Onion v2 to v3 Migration: Complete Hidden Service Upgrade

v2 addresses: 16 characters (80-bit truncated SHA-1 hash of RSA-1024 public key). v3 addresses: 56 characters (Ed25519 public key + version + checksum, base32 encoded). v3 key security: Ed25519 vs RSA-1024. RSA-1024 is considered weak by modern cryptographic standards (potential quantum vulnerability, computationally feasible attack on emerging hardware). Ed25519 uses Curve25519 (elliptic curve) which provides 128-bit security level with much smaller key sizes. v3 uses BLAKE2b for descriptor encryption (replaces SHA-1). v3 hidden service descriptors are encrypted to the client's introduction points, improving metadata privacy versus v2. v3 HS descriptors are published to a different set of HSDir relays using a different algorithm.

v3 key generation is automatic: create an empty HiddenServiceDir directory with correct permissions (chmod 700), add HiddenServiceDir and HiddenServicePort to torrc, restart Tor - Tor generates Ed25519 keys automatically. Key files in the hidden service directory: hs_ed25519_secret_key (private key - protect this file), hs_ed25519_public_key (public key), hostname (contains the .onion address). IMPORTANT: back up hs_ed25519_secret_key immediately after generation. This key IS your .onion address - if lost, the address is permanently lost. Store backups in encrypted storage (GPG-encrypted file in offline storage, hardware security module for high-security deployments).

If migrating a live service (hypothetically from an old v2 address or to a new v3 address for any reason), maintain both addresses simultaneously during transition: run both old and new hidden service configurations in torrc, serve both from the same backend, place a migration notice on the old address pointing to the new .onion address.

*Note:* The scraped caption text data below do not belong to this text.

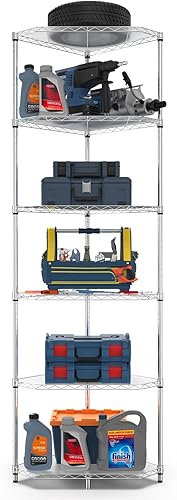 Miniatura 8 de Estantería de alambre esquinero NSF de 6 niveles, 20 x 20 x 72 pulgadas, 600 libras, estante de almacenamiento de metal ajustable resistente con
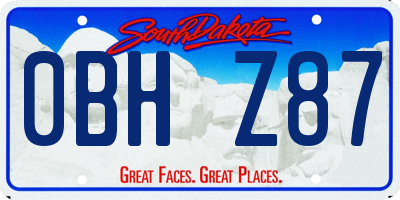 SD license plate 0BHZ87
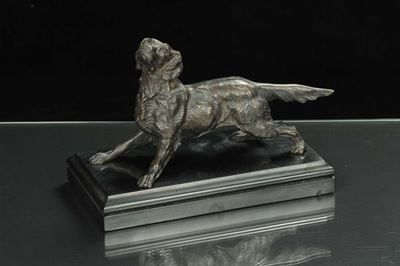 Scultura in Bronzo Raffigurante Cane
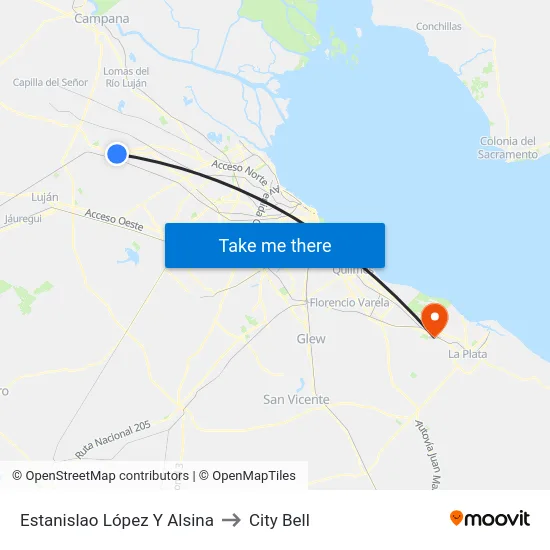 Estanislao López Y Alsina to City Bell map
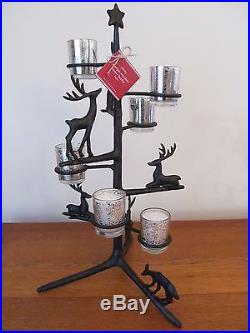 Pottery Barn Antique Bronze Reindeer Votive Christmas Tree, New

Communications: update all published references (forum posts, dark web directories, your own website, partner sites) to the new address. Configure the old address to serve a redirect page or a 301 redirect (if your HTTP server supports redirecting to .onion URLs, though browser support for .onion-to-.onion redirects via Tor is complete). Timeline: maintain dual-serving for 3-6 months, then shut down the old address.

Communicating a new .onion address to existing users when you cannot reach them proactively (hidden service, anonymous users) is a challenge. Strategies: place visible notice on the old address before shutting it down, post the new address in regular community channels (forums, social media, darknet directories), maintain a clearnet presence (if acceptable for your service) that lists the current .onion address, use trusted intermediaries to distribute the new address. Verify the new address announcement itself has not been tampered with - PGP-sign address announcements to allow verification. If an attacker posts a fake 'new address' announcement, users following it could be deanonymized by connecting to a honeypot.

After migrating to v3: verify the new .onion address is reachable via Tor Browser (test from multiple circuits). Verify all application functionality works on the new address. Update any internal references to the .onion address in application configuration. Remove v2 configuration from torrc once migration is complete. Verify permissions on the v3 key directory: ls -la /var/lib/tor/hidden_service/ should show mode 700. Archive the backup of hs_ed25519_secret_key securely. Test client authorization if used (v3 client auth is different from any v2 mechanism). Monitor logs for connection attempts to the new v3 address to confirm clients are successfully discovering and using it.